Long-term, approaching life-time, studies in rodents were viewed as a way to identify chemicals that had the potential to be carcinogenic to humans. A historical review of the rodent bioassay indicates that while several long-term bioassays were conducted in the 1930s, guidelines did not appear until the 1950s and it was not until the late 1960s that cancer bioassays as we know them today really began.5 At that time the National Cancer Institute (NCI) was charged with evaluating the potential of a rather large number of chemicals for carcinogenic activity.5 The NCI developed guidelines which were published in 1976.6 Chemicals were considered to be either carcinogens or noncarcinogens.7 Chronic rodent bioassay testing became more formalized with the development of the National Toxicology Program in 1984, the Food and Drug Administration's guidelines (referred to as the “Red Book”) in 1982 and revised in 1993, and the Environmental Protection Agency in 1987 and the Organization for Economic Cooperation and Development.5
Virtually all of the chemicals tested early-on in the bioassay were DNA-reactive electrophiles, or capable of being metabolized to a DNA-reactive (electrophilic) metabolite, able to form covalent adducts with DNA and referred to as genotoxic chemicals.8 A DNA adduct is not a mutation; however, it can be a substrate for mutagenesis depending upon the degree to which it is capable of causing miss-pairing of DNA-bases, the capacity for DNA repair and rate of cell proliferation. The belief that mutagenesis is the basis for carcinogenesis was enhanced when Bruce Ames and colleagues developed a bacteria-based assay for mutagens, showed that a number of carcinogens tested positive in this assay and proclaimed that “carcinogens are mutagens”.9 However, by the mid 1990s it became quite clear that the notion that all carcinogens are mutagens is overly simplistic since numerous non-mutagens were testing positive in the bioassay, e.g., saccharin, 1,1′-(2,2,2-trichloroethane-1,1-diyl)bis(4-chlorobenzene) (DDT), 2,3,7,8-tetrachlorodibenzodioxin (TCDD) and d-limonene.10 The first, highly attractive, proposed mechanism underlying carcinogenesis which explains how non-genotoxic chemicals, e.g., non-mutagens, can cause cancer was put forth by Cohen and Ellwein in 1991.11 These investigators hypothesized that chemicals which increased cell proliferation (either by acting as mitogens or causing necrosis leading to compensatory hyperplasia) could cause cancer in a secondary fashion due to errors in DNA replication (DNA polymerase is not 100% accurate) leading to accumulation of critical mutations.
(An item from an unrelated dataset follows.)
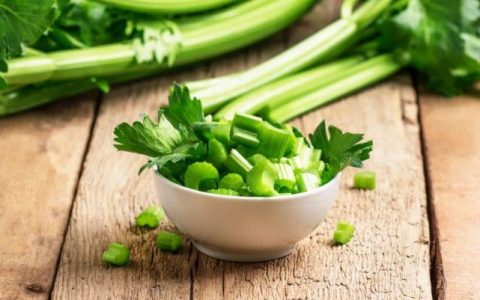 吸烟能预防新冠？吃芹菜可降血压？别再信了!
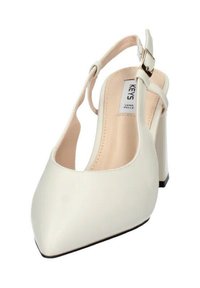 Scarpa con tacco alto a punta bianca e cinturino slingback con dettaglio a fibbia. Realizzata in materiale sintetico con una finitura liscia.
The practical significance here is that if the dose of the chemical in question is kept below that which leads to increased cell proliferation cancer is not expected to arise, e.g., the chemical exhibits a threshold.11
Additionally, altered epigenetic parameters leading to aberrant gene expression that can facilitate the transformation of a normal cell into a frank malignancy is another mechanism underlying carcinogenesis which is not, necessarily, based on mutagenesis.12–15
Assumptions underlying the use of the bioassay are not valid
The use of the rodent bioassay as a predictor of the ability of the chemical in question to cause cancer in humans is based on two assumptions, which should be questioned: (1) the animal model result is relevant to humans (interspecies extrapolation); and (2) the tumor response at doses used in animal models are relevant to human exposure levels (dose extrapolation).16 The validity of these assumptions for the two-year bioassay had been based on the tumor response for potent DNA reactive carcinogens. However, for non-genotoxic chemicals, one or both of these assumptions have been demonstrated to be incorrect.17 The use of a linear no threshold (LNT) assumption for carcinogens appears to have its basis in radiation genetics and recent, in-depth reviews provide convincing evidence that this conjecture is not valid.18,19
The National Toxicology Program (NTP) Board of Scientific Counselors reviewed the NTP in 1992.20 There were three working groups and the report of the Carcinogenesis Working Group formed the basis of a subsequent publication.21 An aspect of the use of bioassay results which drew particular attention was the implicit assumptions that underlie a linear extrapolation from doses in the vicinity of the highest dose used (the maximum tolerated dose (MTD)): (1) pharmacokinetics are not dose-dependent; (2) the dose–response relationship is linear; (3) DNA repair is not dependent on dose; (4) response is not dependent on age; and (5) the test doses need not bear a relationship to human exposure (e.g., there is no need to employ doses which are in the vicinity of anticipated human exposure). These assumptions were evaluated in a critical manner. The Board concluded that “the implicit assumptions underlying extrapolation from the MTD … do not appear to be valid”.20,21 Thus, it is wrong to place mathematics in front of biology, the biology should drive the mathematics.
Too many rodent carcinogens
It is instructive to reflect on the observation that a high percentage of chemicals tested in the bioassay are positive only at the MTD. Approximately 50% of chemicals that were bioassayed were deemed to be rodent carcinogens.22,23 Additionally, all too frequently the NTP carcinogens would not have been considered to be carcinogens if the MTD was not included in the study. For example: (1) an evaluation of the carcinogenic effects detected when the diet was the route of administration, the route used in a majority of NTP bioassays,23 revealed that two-thirds of the positive bioassays were positive only when the MTD was employed;24 and (2) an evaluation of 127 positive bioassays (using various routes of administration) indicated that in 43% of these tests statistically significant increases in tumor incidences occurred only at the MTD.23 Furthermore, in those bioassays where a positive effect was observed at a dose below the MTD, this “lower” dose (typically one-half to one-fourth of the MTD) is so close to the MTD relative to the multiple orders of magnitude associated with extrapolation down to a dose that is purported to represent, for example, a one in a million added cancer risk that, for practical purposes, the extrapolation can be considered as based on one data point. There is no valid biological basis for doing this. In this context, it is of interest to consider that: (1) in freshman chemistry laboratory we are taught to not extrapolate beyond a standard curve; and (2) drawing a straight line from a single data point would not be deemed acceptable in a basic geometry class.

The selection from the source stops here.